The House on the Borderland (1908) is a supernatural horror novel by British fantasist William Hope Hodgson. The novel is a hallucinatory account of a recluse's stay at a remote house, and his experiences of supernatural creatures and otherworldly dimensions.

On encountering Hodgson's novels in 1934, American horror writer H. P. Lovecraft praised The House on the Borderland and other works by Hodgson at length. Terry Pratchett has called the novel "the Big Bang in my private universe as a science fiction and fantasy reader and, later, writer".

==Plot summary==
Two men on a two-week fishing holiday in remote western Ireland are surprised to discover a strange abyss. On a rock spur above this pit they find ruins and buried in them a journal, which they read.

The author of the journal introduces himself as an old man who has lived for years in an ancient house accompanied only by his sister, who serves as housekeeper, and his dog, Pepper. He has no contact with the local inhabitants, who say he is mad. The house is circular in form and its weird appearance includes peculiar decorations that suggest leaping flames. It has had an evil reputation for centuries and had been empty for many years when he purchased it. The diary will record his strange experiences and thoughts.

Late one night, as he was reading in his study, the candles suddenly burned green and then red. Pepper hid under his chair and he sat still, frightened. The red light went low, and he was no longer afraid. The far side of the room became a vision of a vast empty plain. He floated like a bubble into space, leaving the earth and sun behind as he travelled into utter darkness. He reached the world of the vast plain, whose sun is a wreath of red flame. He was brought to an arena: an immense green jade copy of his own house, at the centre of a circle miles across, circled by mountains containing hundreds of huge idols of beast-gods and horrors. As he nears the huge building, a humanoid creature with the head of a huge swine is trying to get into the House. The swine-creature suddenly moves toward him, but he is borne upward, then reverses his travel through space to return to his study.

Several months later, horrible pig-faced creatures with dead-white skin emerge from a nearby pit and assault the house. The swine-things are strong and intelligent but are unable to break in; after a night and day in which the Recluse kills some of them they disappear. He is terrified by the violent creatures and he waits several days before leaving the house with Pepper to search the former gardens outside.

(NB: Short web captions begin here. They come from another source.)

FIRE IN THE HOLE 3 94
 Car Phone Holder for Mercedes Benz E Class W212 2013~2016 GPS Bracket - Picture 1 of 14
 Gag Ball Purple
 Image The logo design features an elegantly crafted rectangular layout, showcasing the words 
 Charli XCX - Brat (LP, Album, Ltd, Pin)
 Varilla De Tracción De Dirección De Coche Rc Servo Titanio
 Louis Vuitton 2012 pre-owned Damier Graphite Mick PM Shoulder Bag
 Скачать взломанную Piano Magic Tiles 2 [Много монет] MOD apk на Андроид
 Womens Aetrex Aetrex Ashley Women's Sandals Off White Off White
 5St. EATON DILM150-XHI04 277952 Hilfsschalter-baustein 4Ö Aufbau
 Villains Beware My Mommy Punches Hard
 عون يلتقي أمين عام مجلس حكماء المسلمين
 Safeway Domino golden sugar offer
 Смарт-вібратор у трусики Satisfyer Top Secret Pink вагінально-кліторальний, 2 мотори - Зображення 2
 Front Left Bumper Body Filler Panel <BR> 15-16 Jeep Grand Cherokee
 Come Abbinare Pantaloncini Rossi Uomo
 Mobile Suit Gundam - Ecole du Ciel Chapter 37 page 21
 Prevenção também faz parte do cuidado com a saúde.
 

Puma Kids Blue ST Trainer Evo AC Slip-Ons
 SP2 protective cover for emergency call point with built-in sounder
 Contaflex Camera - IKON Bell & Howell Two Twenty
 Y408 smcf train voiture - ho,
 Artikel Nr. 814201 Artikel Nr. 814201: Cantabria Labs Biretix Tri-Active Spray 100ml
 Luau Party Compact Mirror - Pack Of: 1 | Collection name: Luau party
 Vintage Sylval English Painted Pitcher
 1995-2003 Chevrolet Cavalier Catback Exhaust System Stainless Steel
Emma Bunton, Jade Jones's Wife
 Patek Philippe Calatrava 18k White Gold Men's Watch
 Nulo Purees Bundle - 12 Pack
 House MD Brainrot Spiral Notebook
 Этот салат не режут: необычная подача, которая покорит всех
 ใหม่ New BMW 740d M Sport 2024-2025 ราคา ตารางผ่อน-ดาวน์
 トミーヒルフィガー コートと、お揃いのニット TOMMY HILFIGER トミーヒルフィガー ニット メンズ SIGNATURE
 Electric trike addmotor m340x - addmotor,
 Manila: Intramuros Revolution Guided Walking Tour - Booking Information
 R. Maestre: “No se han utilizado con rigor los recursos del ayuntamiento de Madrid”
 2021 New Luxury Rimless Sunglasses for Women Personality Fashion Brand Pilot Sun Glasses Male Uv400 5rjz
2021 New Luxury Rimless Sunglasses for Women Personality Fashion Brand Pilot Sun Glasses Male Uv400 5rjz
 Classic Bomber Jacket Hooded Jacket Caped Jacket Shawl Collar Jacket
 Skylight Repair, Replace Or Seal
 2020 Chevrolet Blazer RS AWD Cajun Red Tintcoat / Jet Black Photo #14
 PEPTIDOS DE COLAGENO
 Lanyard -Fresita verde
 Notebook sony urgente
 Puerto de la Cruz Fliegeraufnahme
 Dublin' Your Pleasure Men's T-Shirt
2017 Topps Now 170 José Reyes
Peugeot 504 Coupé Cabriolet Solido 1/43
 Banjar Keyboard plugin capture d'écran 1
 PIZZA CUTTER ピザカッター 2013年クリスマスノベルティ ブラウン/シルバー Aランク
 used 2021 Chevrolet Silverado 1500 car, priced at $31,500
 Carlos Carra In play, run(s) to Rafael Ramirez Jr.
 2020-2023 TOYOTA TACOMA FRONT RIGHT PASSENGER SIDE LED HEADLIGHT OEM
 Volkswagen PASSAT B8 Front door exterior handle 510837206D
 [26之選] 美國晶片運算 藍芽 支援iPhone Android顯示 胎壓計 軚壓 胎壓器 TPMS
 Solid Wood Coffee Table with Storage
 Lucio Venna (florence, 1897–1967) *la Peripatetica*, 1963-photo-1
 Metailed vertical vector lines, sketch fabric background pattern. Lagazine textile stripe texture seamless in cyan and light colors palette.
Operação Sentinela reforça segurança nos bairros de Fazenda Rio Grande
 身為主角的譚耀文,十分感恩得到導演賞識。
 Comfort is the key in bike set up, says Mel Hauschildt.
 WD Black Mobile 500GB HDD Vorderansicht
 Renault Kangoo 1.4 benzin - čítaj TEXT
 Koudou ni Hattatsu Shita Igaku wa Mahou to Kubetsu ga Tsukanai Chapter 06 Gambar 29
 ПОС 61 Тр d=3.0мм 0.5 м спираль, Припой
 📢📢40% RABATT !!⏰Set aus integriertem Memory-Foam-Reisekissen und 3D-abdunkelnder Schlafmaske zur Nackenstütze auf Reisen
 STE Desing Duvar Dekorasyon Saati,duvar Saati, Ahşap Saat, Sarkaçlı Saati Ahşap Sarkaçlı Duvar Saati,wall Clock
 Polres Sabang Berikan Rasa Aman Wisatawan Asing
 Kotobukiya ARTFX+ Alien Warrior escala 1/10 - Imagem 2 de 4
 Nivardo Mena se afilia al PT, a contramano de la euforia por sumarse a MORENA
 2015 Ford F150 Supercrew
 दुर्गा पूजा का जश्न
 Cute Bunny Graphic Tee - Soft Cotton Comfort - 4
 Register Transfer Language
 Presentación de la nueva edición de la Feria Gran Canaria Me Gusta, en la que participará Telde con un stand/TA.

A week later, he and Pepper explore the pit that appears to be the source of the swine-things. A tunnel leads to an immensely deep abyss. Water flows down the tunnel, and the struggle of wading against it to get back out is exhausting. Two weeks afterwards the pit has become a lake. He revisits a trap door in the cellar, realizing that it opens to the bottomless abyss.

Asleep in his study, the Recluse awakens into a place like a mist of light and meets his lost love. She calls the place the Sea of Sleep, and implores him to leave the evil House, but admits that they would never have met again had he been anywhere else.

The journal starts again, with the passage of time increasing in speed. Days and nights pass more and more quickly, the sun and moon become flickers and years blur. Pepper's body, then his own, crumble into dust. The house falls, the world fades, time slowly grinds to a halt and the Solar System ends with his perception of an immense green star, celestial globes, and another timeless meeting in the Sea of Sleep with the lost love. He is brought again to the arena and into the great house. He is again in his own study, with time running normally.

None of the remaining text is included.